Objektif koşulun varlığı sözleşmenin belirli veya belirsiz süreli olmasını etkilemekte, bu koşulun varlığı halinde belirli süreli iş sözleşmesinden söz edilebilinmektedir. Ayrıca objektif koşul sözleşmenin farklı görüş olsa bile düzenleme gereği sözleşme ilk defa yapılsa dahi aranmaktadır.
Salt süreye bağlı bir iş sözleşmesinin mevcut olması feshin geçersizliği ve işe iade davasının derhal reddi gerektiği sonucuna götürmemelidir. Zira, 11’inci madde, belirli süreli iş akdini yapma serbestisini sınırlandırmış ve bu tür sözleşmelerin yapılabilmesi, söz konusu hükümde belirtilen objektif koşulların varlığına bağlanmıştır. Dolayısıyla iş sözleşmesini belirli süreye bağladıklarında, hakim, objektif ve esaslı koşulların var olup olmadığını incelemelidir. İş sözleşmelerinin belirsiz süreli olmasının asıl olmasının sonucu olarak, belirli iş sözleşmesinin varlığını ileri süren taraf bunu ispatla yükümlüdür.
Dosya içeriğine göre davalının yurt dışı işyerinde inşaat işinin 2007 yılında başladığı ve davacı ile bu işte projeyi yürütmesi için 12 aylık belirli süreli iş sözleşmesi imzalandığı, ancak bu süre kaydında bu işin bu tarihte tamamlanacağı veya projenin bu tarihte sonra ereceğinden söz edilmediği, salt sürenin bu nedenle belirli süreli sayılmasını gerektirmediği anlaşılmaktadır. Sözleşme belirili süreli iş sözleşmesi unsurlarını taşımadığından davacının belirsiz süreli iş sözleşmesi ile çalıştığı kabul edilmeli ve bakiye süre ücreti reddedilmelidir.

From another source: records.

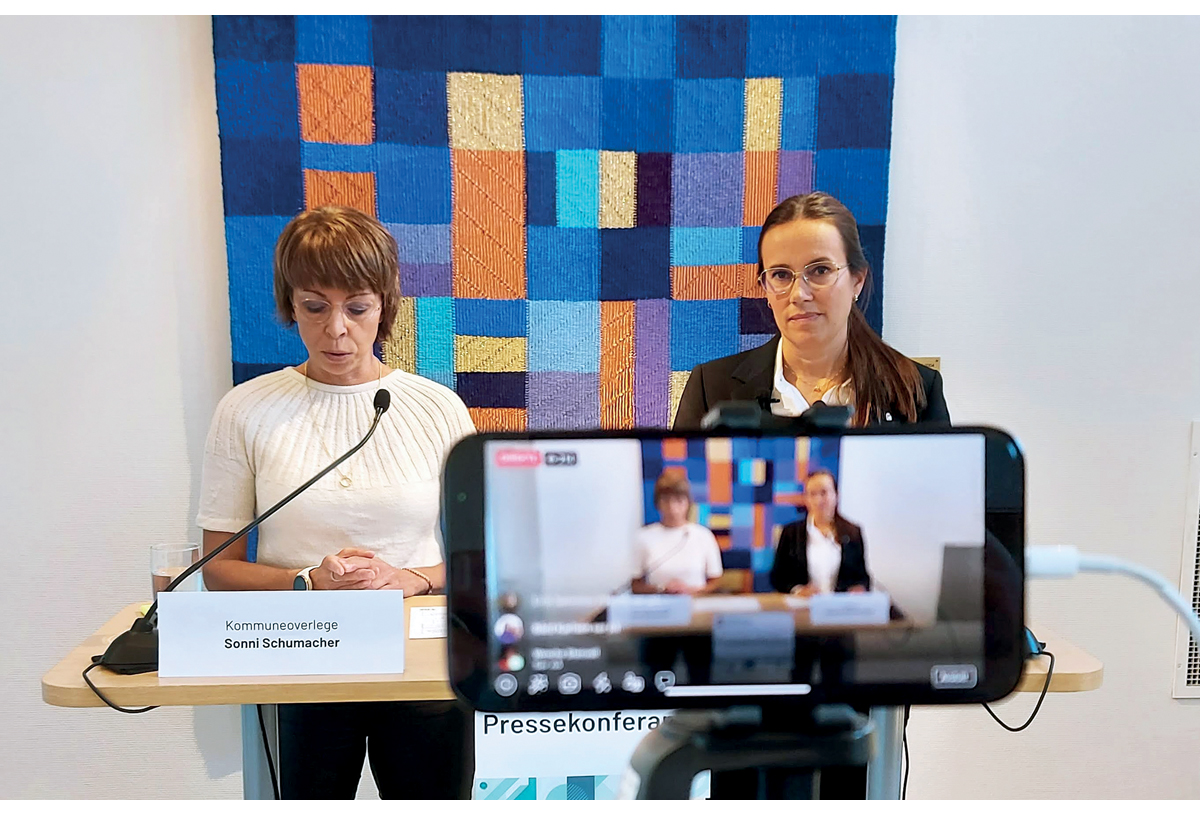 Figur 13.1 Pressekonferanse med kommuneoverlege Sonni Schumacher og ordfører Marianne Sivertsen Næss i Hammerfest kommune.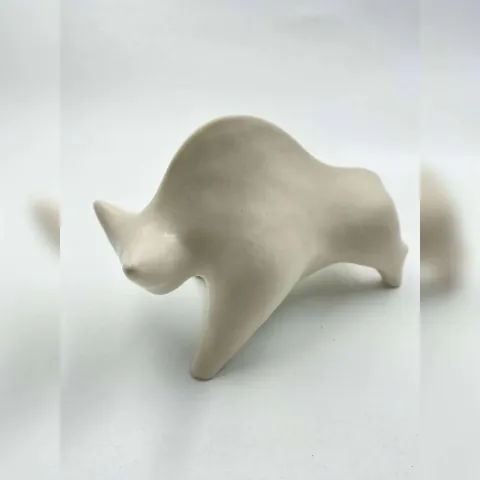 "isimsiz" eseri AYŞE ERGÜNER tarafından 2022 yılında 18x8x11 cm ölçülerinde Porselen çamuru, doğal taş, 1200°C, elle şekillendirme tekniği ile yapılmıştır.
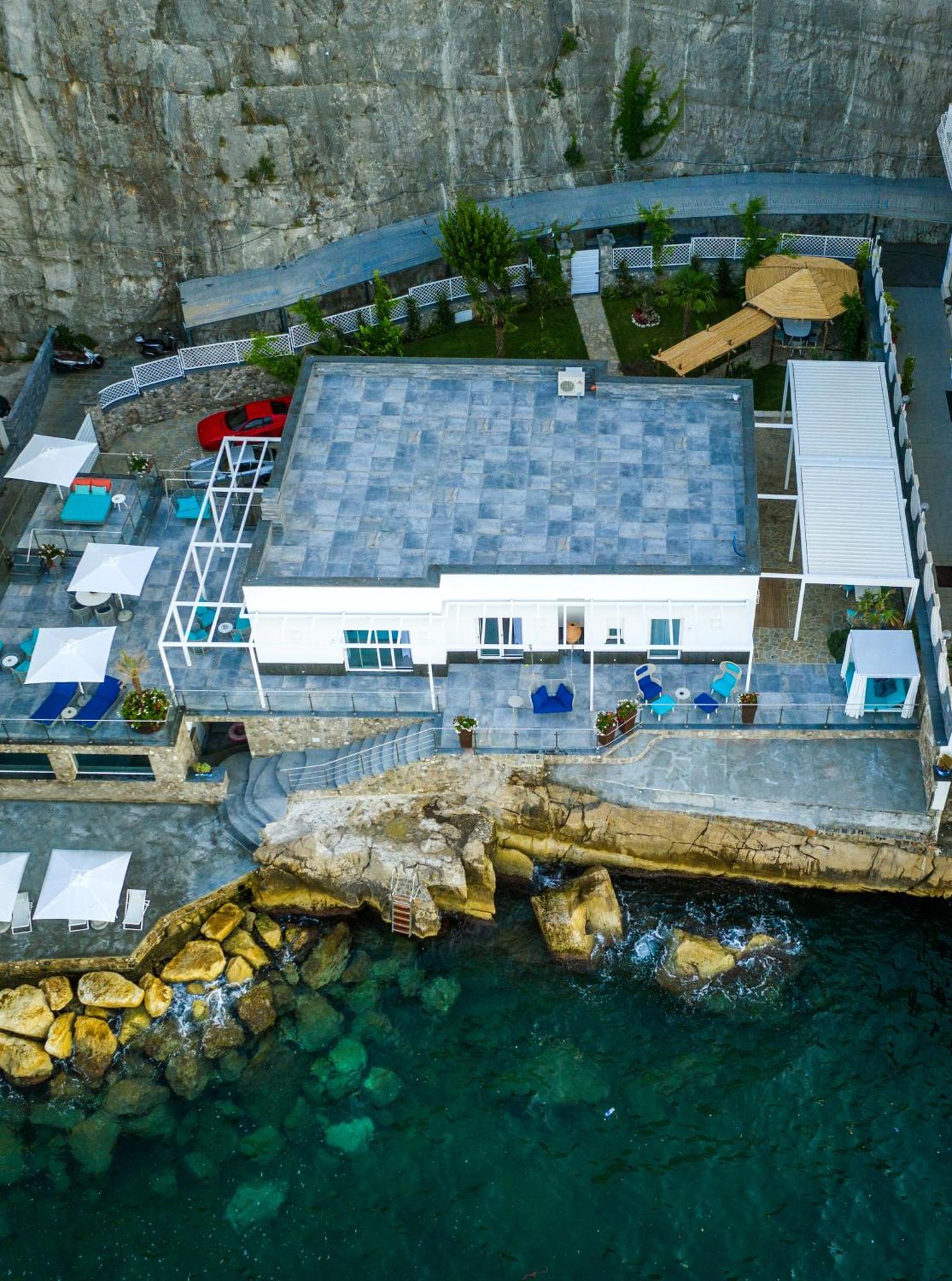 My Exclusive Italy - Beachfront & Private Sea Access * Sorrento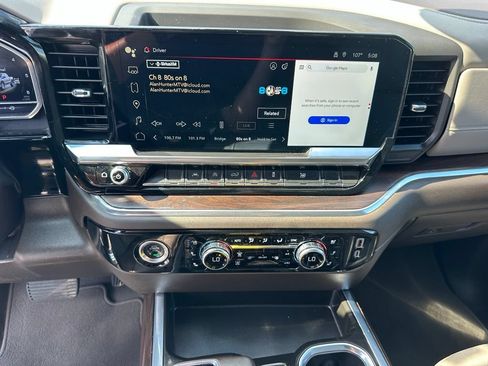 Used 2024 GMC Sierra 1500 SLT w/ SLT Premium Package AWD/4WD image 28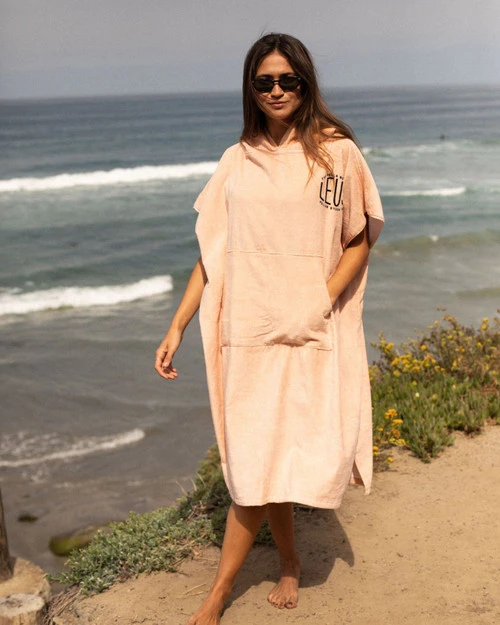 LEUS HAPPY HOUR PONCHO - LARGE (EX) - Image 5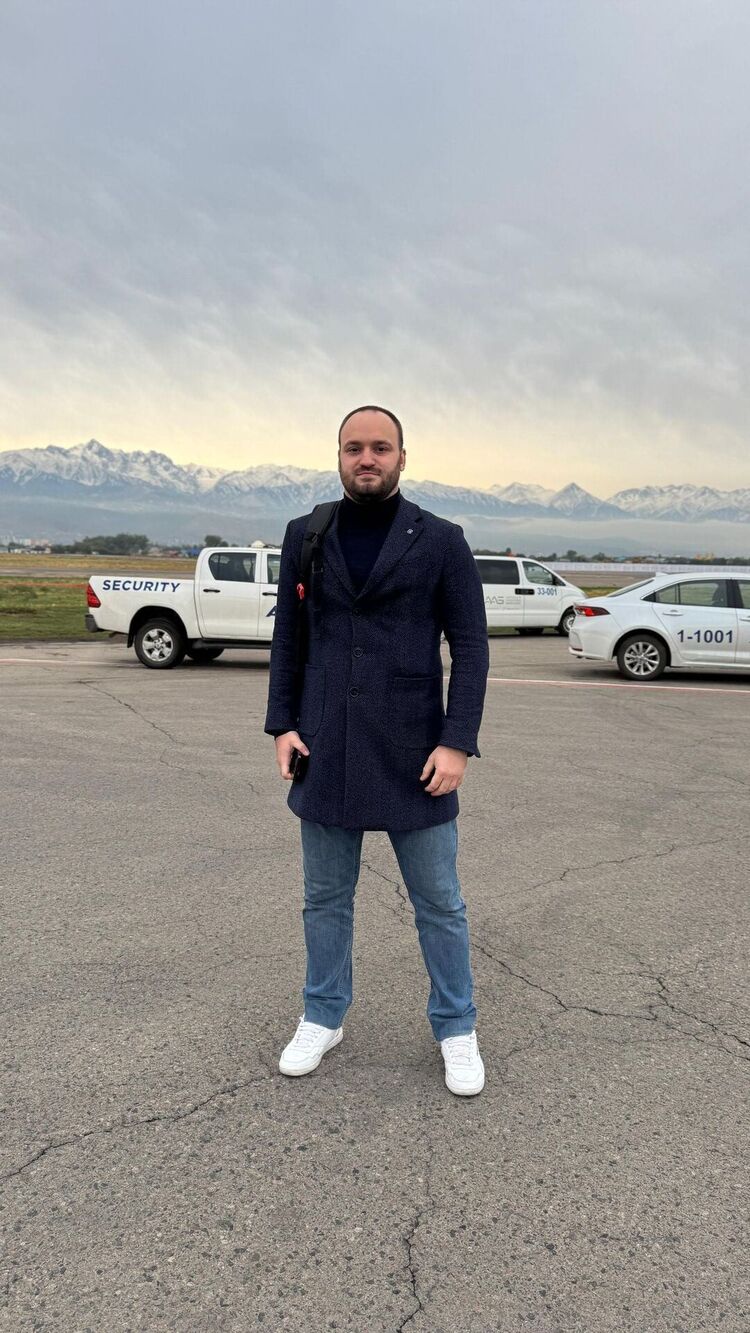  ,   Evgeny, 30 ,   c , 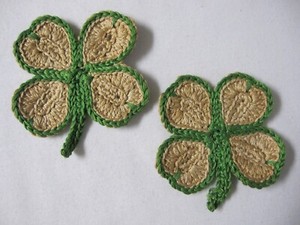 VTG SET OF 2 CROCHET TWO TONE SHAMROCKS 4 LEAF CLOVER 3 ¼” DIAMETER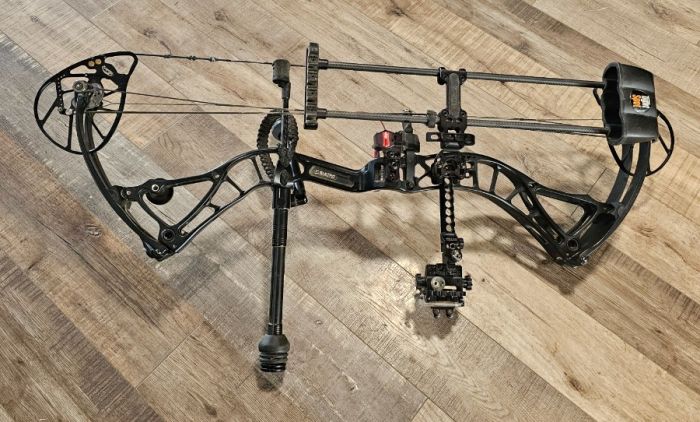 Bowtech realm sr6 loaded and ready to hunt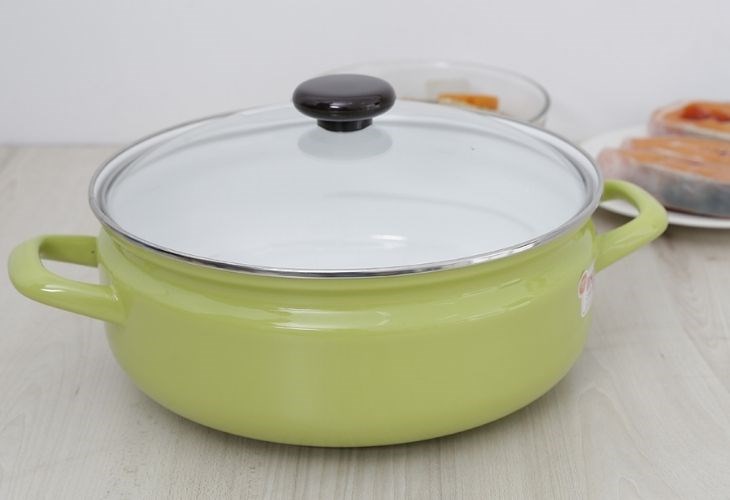 Nồi lẩu thép Nippon tráng men nắp kính 27 cm Fujihoro YAV-27HD.LG có giá 854.000 VNĐ (cập nhật 08/2023, có thể thay đổi theo thời gian), phù hợp với nhiều gia đình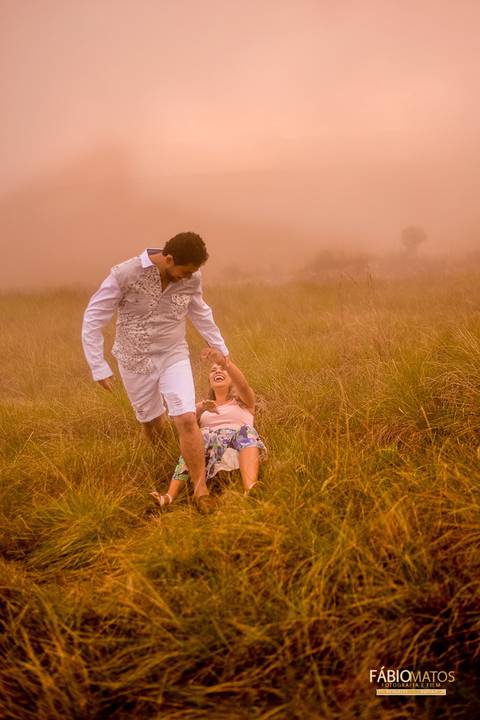 casamento-vestido-cambará-wedding-noiva-noivo-noivos-sessão-ensaio-externo-cânion-cânions-rs-pré-casamento-fábio-matos-douglas-jenifer-fotos-fotografias-diferentes-fotógrafo'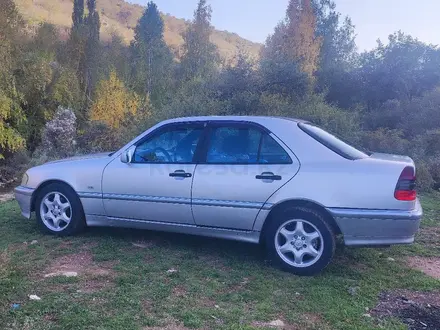Mercedes-Benz C 240 1998 года за 2 900 000 тг. в Алматы – фото 2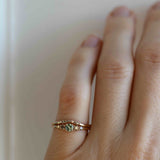 Unik! Mini Elise Ring (Lite Större) med Olivgrön Safir och Chokladdiamanter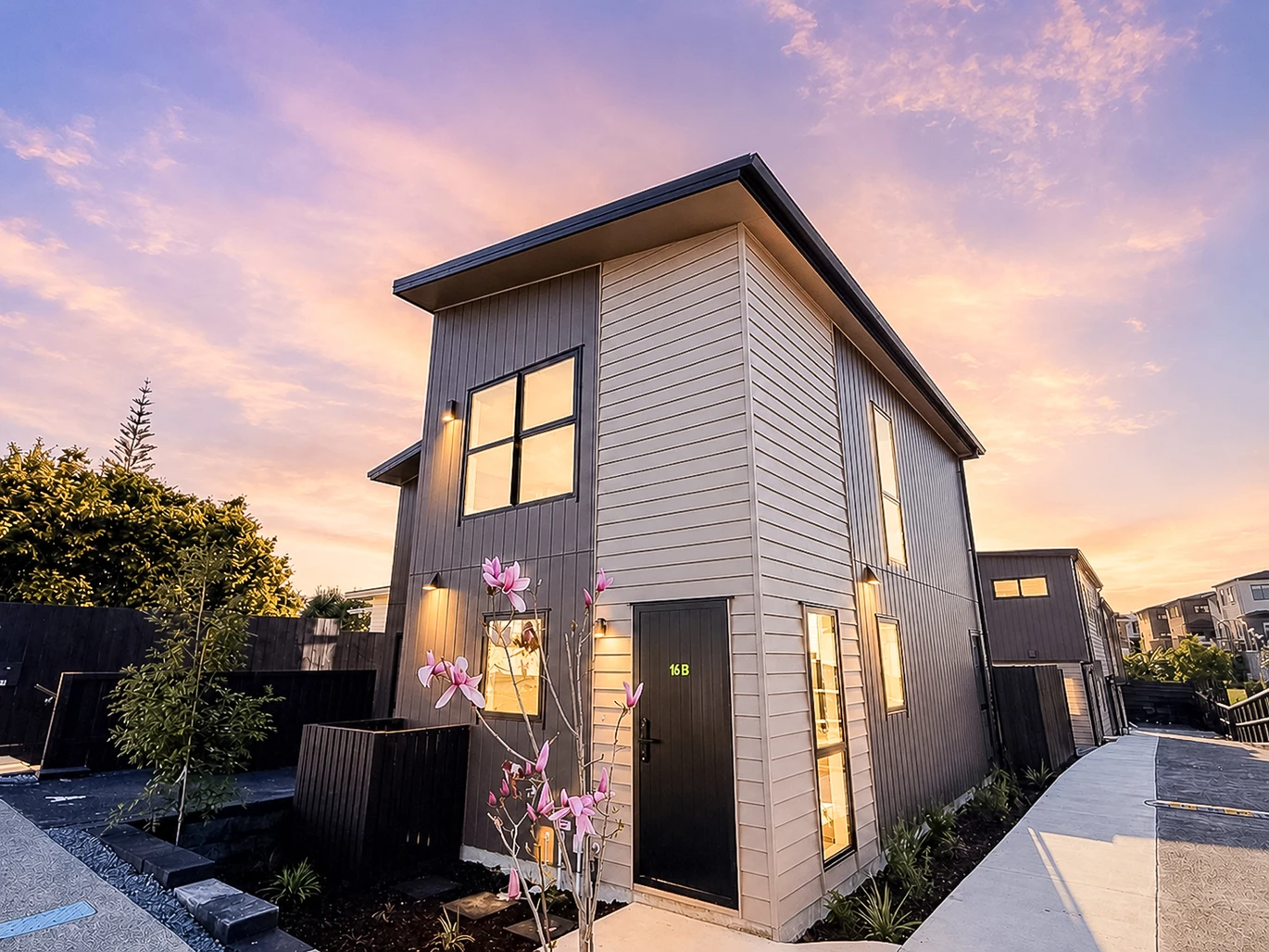 Must Sell, 10-year structural and weathertightness warranty, Brandnew freehold 2 beds + study or kids’ room 1.5 baths home with car park, Lot 2, 16 Geneva Place Blockhouse Bay, Auckland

Bu nedenle davacının fiilen çalıştığı 08/12/2009-23/12/2009 tarihleri arasındaki 15 gün için, aylık net 4.000 ... doları üzerinden ücret alacağının (15 günlük ücret alacağının) hesaplanıp, işveren tarafından ödenen 1.392 TL"nin mahsubu ile kalan miktarın hüküm altına alınması ile yetinilmesi gerekirken, sözleşmenin belirli süreli olduğunun kabulü ile bakiye 11 ay 15 günlük süre için ücret alacağının hesaplanıp hüküm altına alınması hatalıdır.
F) Sonuç:
Temyiz olunan kararın, yukarıda yazılı sebepten dolayı BOZULMASINA, peşin alınan temyiz harcının istek halinde ilgiliye iadesine, 30/03/2016 tarihinde oybirliğiyle karar verildi.